REQUIRED ACTION ::
Word for word, repeat the entries, minus the pictures.

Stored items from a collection
::::

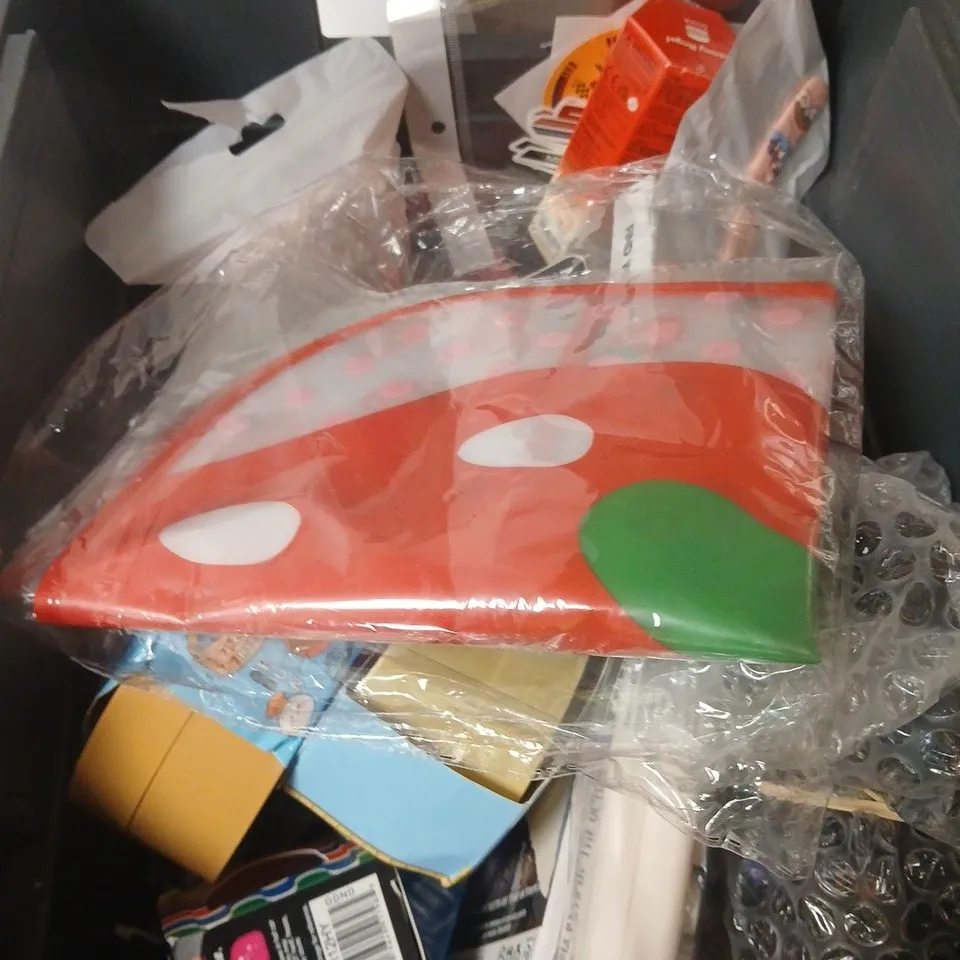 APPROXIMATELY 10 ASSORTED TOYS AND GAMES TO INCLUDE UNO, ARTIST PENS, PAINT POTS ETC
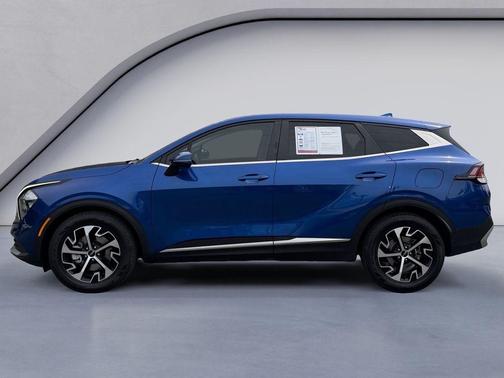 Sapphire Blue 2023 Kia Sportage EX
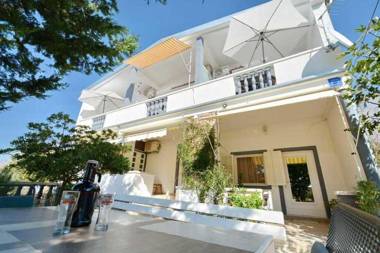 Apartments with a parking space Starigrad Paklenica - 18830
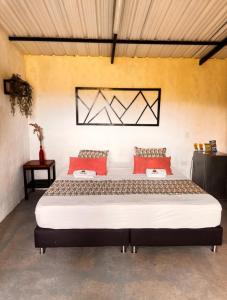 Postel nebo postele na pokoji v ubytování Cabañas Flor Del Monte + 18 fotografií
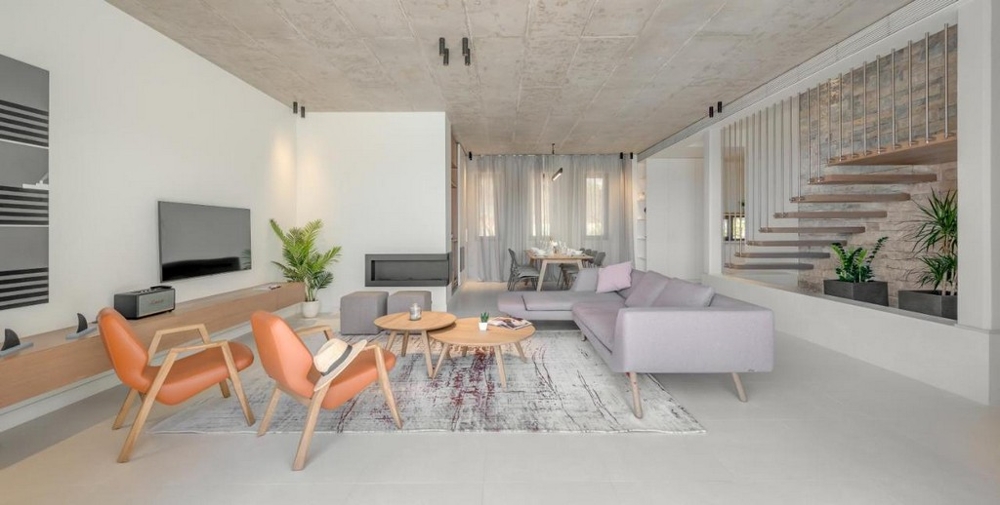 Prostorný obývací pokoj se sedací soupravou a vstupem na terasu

::::

EXERCISE RESPONSE ::
 APPROXIMATELY 10 ASSORTED TOYS AND GAMES TO INCLUDE UNO, ARTIST PENS, PAINT POTS ETC
 Sapphire Blue 2023 Kia Sportage EX
 Apartments with a parking space Starigrad Paklenica - 18830
 Postel nebo postele na pokoji v ubytování Cabañas Flor Del Monte + 18 fotografií
 Prostorný obývací pokoj se sedací soupravou a vstupem na terasu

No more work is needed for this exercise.